DATA FOR THE TASK:
++++++++++
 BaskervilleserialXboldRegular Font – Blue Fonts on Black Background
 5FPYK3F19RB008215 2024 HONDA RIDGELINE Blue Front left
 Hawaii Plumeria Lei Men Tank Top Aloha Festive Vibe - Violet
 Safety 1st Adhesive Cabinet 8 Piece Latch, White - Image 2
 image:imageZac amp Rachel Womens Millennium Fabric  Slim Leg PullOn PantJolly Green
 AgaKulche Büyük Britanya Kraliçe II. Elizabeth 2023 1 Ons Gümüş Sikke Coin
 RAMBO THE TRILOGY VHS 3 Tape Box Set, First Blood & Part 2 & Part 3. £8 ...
++++++++++
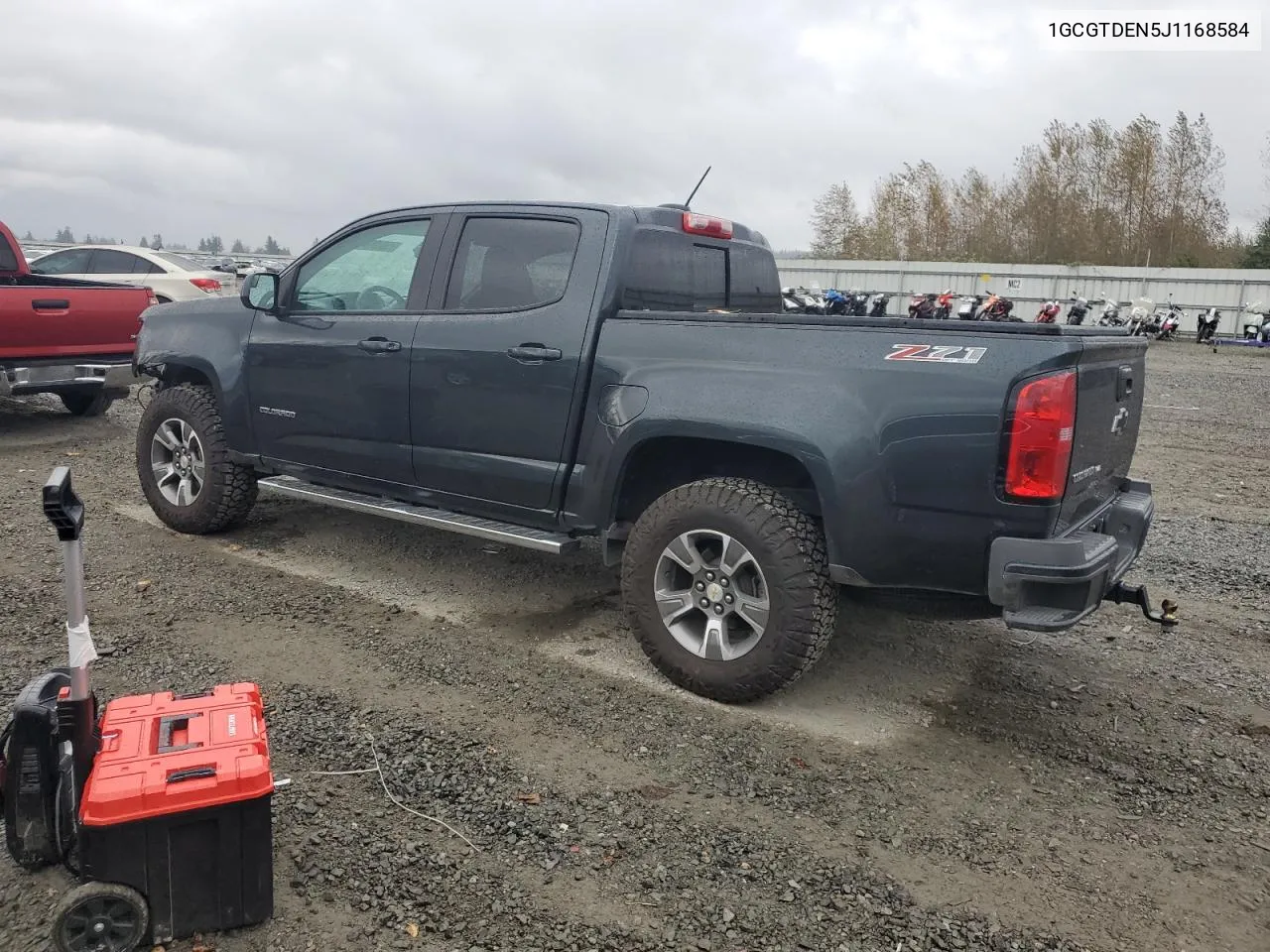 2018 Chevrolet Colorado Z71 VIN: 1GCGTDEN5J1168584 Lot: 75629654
++++++++++
YOUR GOAL:
Start with the line above that contains "Hawaii Plumeria Lei" and stop after the line that contains "RAMBO THE TRILOGY". Output those lines exactly, and only those.

ANSWER SPACE:
 Hawaii Plumeria Lei Men Tank Top Aloha Festive Vibe - Violet
 Safety 1st Adhesive Cabinet 8 Piece Latch, White - Image 2
 image:imageZac amp Rachel Womens Millennium Fabric  Slim Leg PullOn PantJolly Green
 AgaKulche Büyük Britanya Kraliçe II. Elizabeth 2023 1 Ons Gümüş Sikke Coin
 RAMBO THE TRILOGY VHS 3 Tape Box Set, First Blood & Part 2 & Part 3. £8 ...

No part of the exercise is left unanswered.